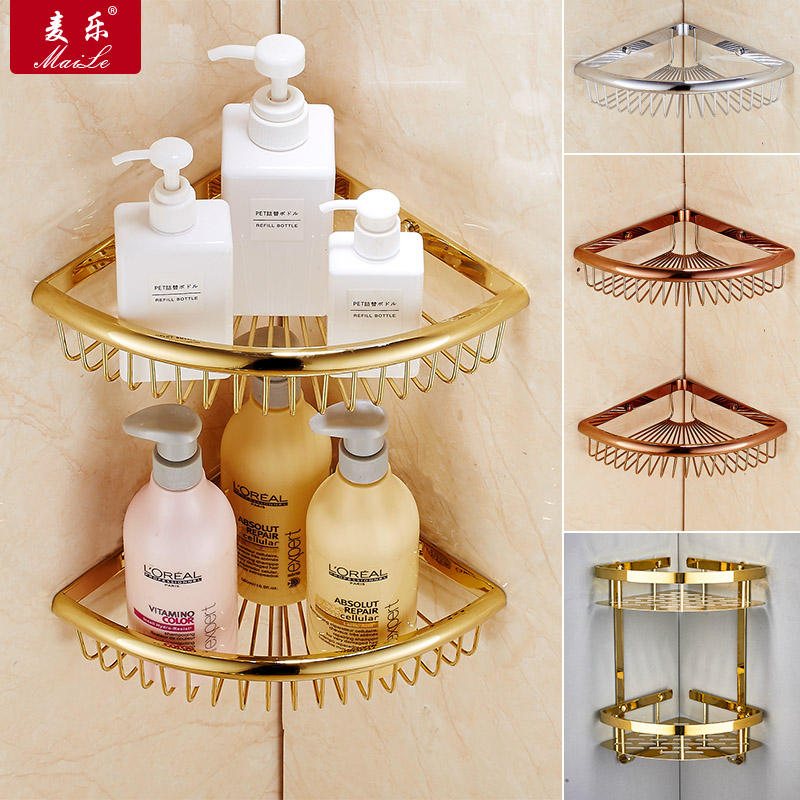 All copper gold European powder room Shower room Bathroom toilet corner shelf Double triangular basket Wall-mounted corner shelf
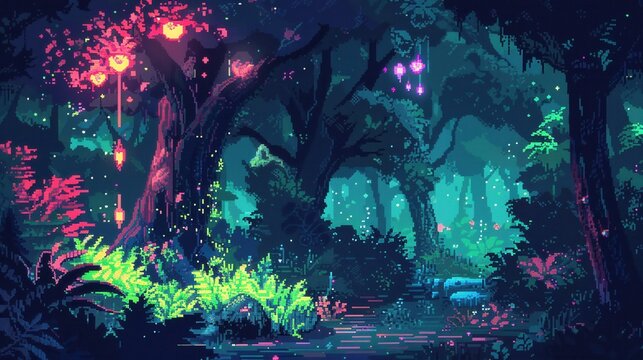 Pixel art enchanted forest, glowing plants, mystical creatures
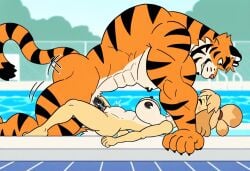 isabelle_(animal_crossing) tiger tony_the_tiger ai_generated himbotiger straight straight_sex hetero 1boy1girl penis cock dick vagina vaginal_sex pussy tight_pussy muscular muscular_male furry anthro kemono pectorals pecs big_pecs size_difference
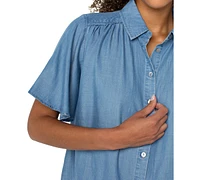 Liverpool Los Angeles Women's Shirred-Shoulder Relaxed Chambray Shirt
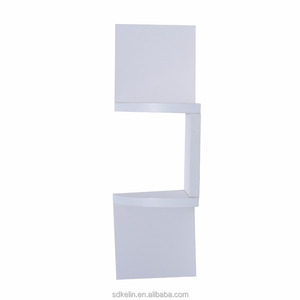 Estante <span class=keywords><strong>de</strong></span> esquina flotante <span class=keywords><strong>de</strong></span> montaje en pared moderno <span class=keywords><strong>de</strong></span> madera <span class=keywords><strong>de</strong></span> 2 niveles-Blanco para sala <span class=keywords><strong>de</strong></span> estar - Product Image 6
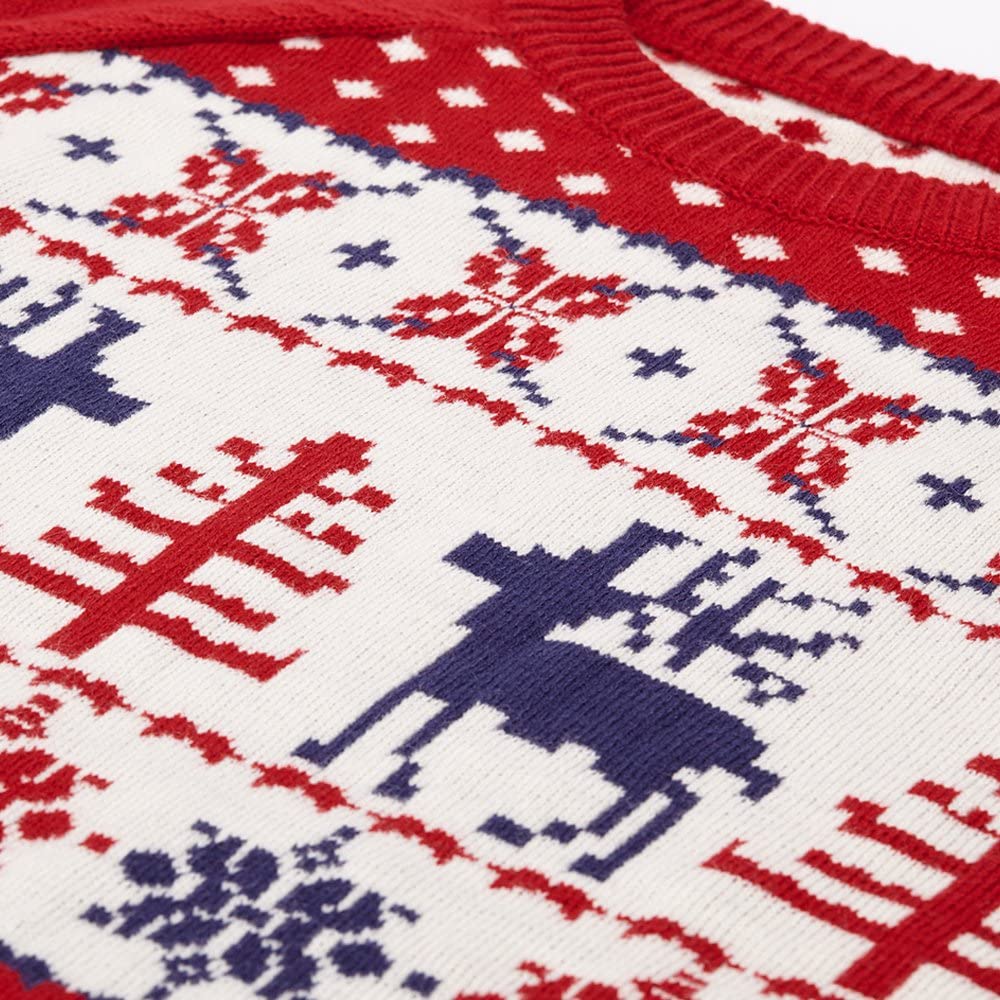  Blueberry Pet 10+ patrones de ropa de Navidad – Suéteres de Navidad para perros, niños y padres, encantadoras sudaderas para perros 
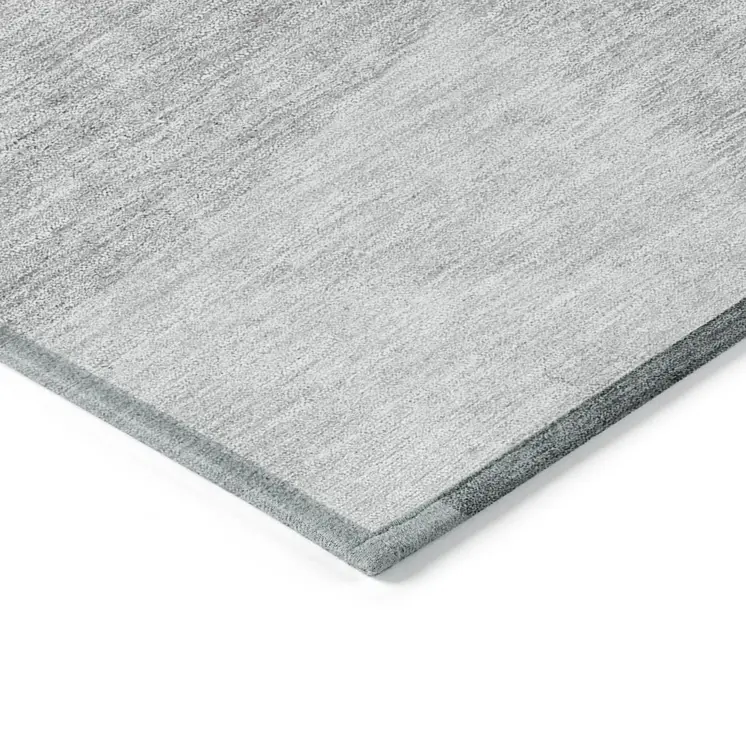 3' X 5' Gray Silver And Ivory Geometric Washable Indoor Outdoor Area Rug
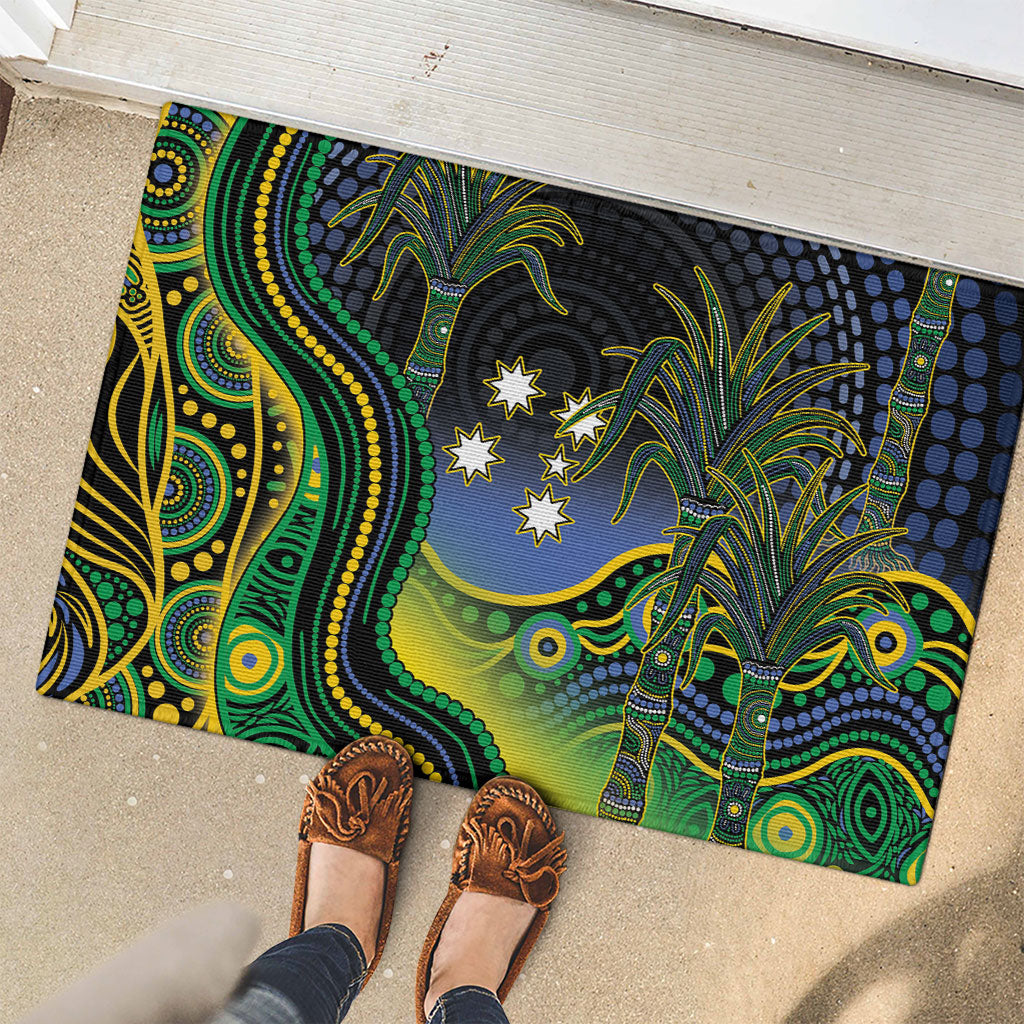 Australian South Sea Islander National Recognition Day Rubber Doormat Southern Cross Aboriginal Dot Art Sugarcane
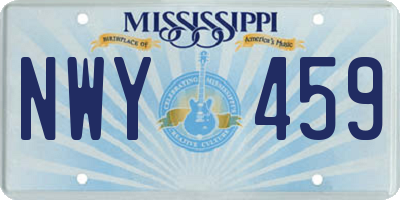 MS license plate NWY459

○ ○ ○ ○ ○ ○ ○

WORK INSTRUCTION:
The answer must consist solely of the lines from the first line of the records through the line containing "Liverpool Los Angeles", reproduced exactly and without the pictures.

FINAL ANSWER:
 All copper gold European powder room Shower room Bathroom toilet corner shelf Double triangular basket Wall-mounted corner shelf
 Pixel art enchanted forest, glowing plants, mystical creatures
 isabelle_(animal_crossing) tiger tony_the_tiger ai_generated himbotiger straight straight_sex hetero 1boy1girl penis cock dick vagina vaginal_sex pussy tight_pussy muscular muscular_male furry anthro kemono pectorals pecs big_pecs size_difference
 Liverpool Los Angeles Women's Shirred-Shoulder Relaxed Chambray Shirt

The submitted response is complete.